Work request
Beginning at the line that contains "Dijual Rumah Lokasi" and finishing at the line that contains "Building Photo - *", output the data below exactly. Include both end lines and no pictures.

Supplied material
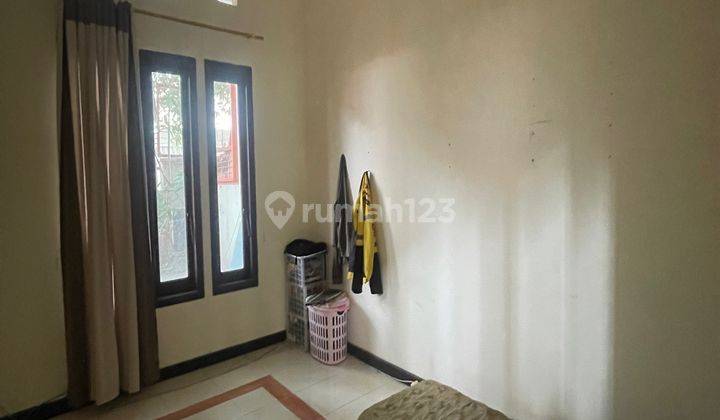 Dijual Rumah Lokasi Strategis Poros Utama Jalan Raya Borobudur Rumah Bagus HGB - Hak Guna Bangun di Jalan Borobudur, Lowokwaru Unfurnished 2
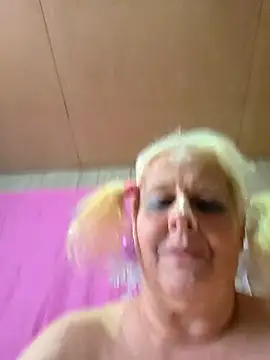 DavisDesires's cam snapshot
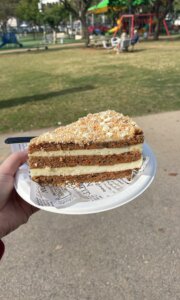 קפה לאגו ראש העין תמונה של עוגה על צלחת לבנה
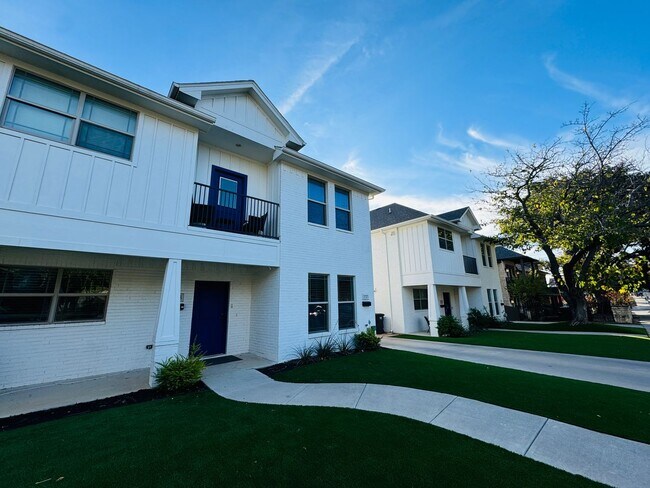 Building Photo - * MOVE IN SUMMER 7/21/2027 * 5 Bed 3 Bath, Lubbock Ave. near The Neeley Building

---

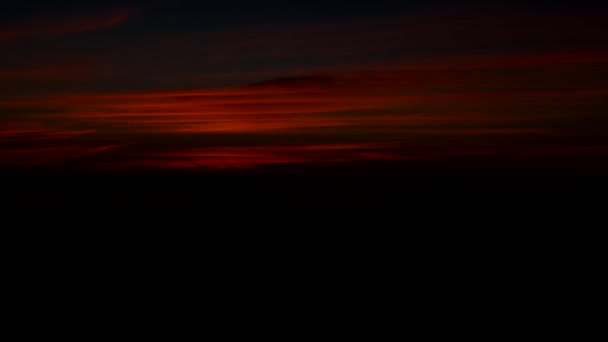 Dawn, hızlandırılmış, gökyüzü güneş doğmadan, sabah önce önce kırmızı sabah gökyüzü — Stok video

---

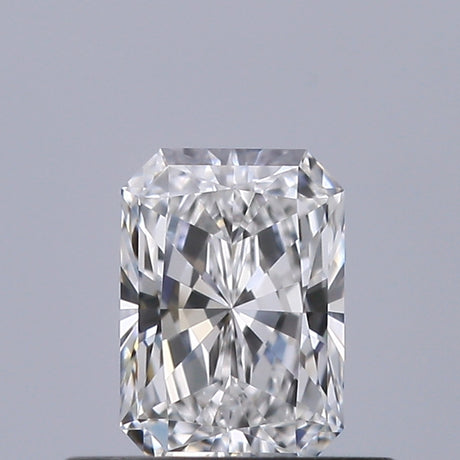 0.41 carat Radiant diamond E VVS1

Result of this task
 Dijual Rumah Lokasi Strategis Poros Utama Jalan Raya Borobudur Rumah Bagus HGB - Hak Guna Bangun di Jalan Borobudur, Lowokwaru Unfurnished 2
 DavisDesires's cam snapshot
 קפה לאגו ראש העין תמונה של עוגה על צלחת לבנה
 Building Photo - * MOVE IN SUMMER 7/21/2027 * 5 Bed 3 Bath, Lubbock Ave. near The Neeley Building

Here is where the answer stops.